The past is a different country.  They do things differently there.

So begins L.P. Hartley’s 1953 novel, The Go-Between.  The novel’s protagonist reflects on past events in an attempt to better understand his current circumstances.  In this, the year in which the School celebrates 100 years of Royal Life Saving involvement, it is worth us doing the same.
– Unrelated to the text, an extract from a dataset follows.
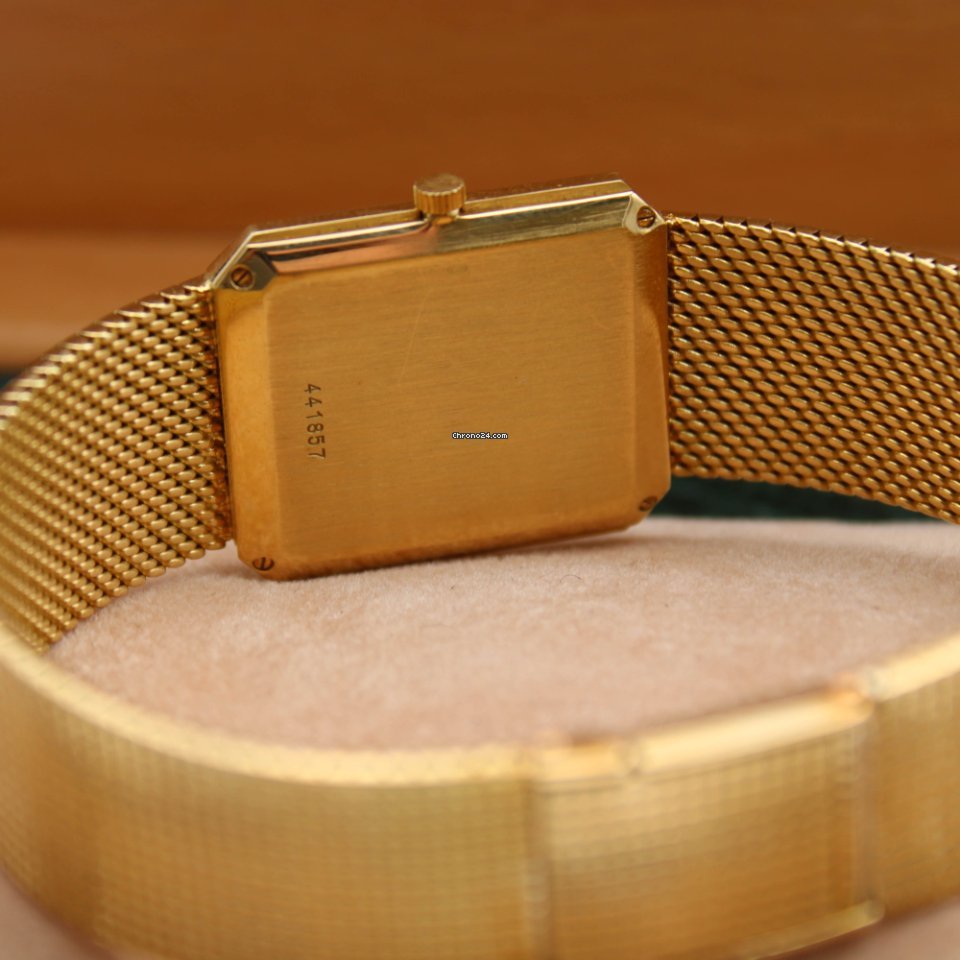 IMG_9081 Vacheron Constantin Mens watch Unisex Manual winding Yellow gold 6999 Replica 7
As outlined in Pauline Harvey-Short’s history of health, physical education and sport at Brisbane Girls Grammar School, To become fine sportswomen (2011, p. 26),

In 1912 three students, Lottie Bond, Olga Hertzberg and Mary Lilley, were successful in achieving the Royal Lifesaving Society’s medal, as was their instructor, Miss Hunt.  Five other students achieved their elementary certificates.  These girls were Ena Eden, N. Hamilton (possibly Helena M. Hamilton), Irene Manning, Doris Park and Joan Quinlan.  The three medallists, Lottie, Olga and Mary, with Pauline Hertzberg, represented the School in the Maurice Barry Cup competition, which was “for ladies’ teams affiliated with the Queensland Head Centre” of the Royal Lifesaving Society and gained second place.  Thus began a long standing connection with the Royal Life Saving Society and a belief in the importance of community service.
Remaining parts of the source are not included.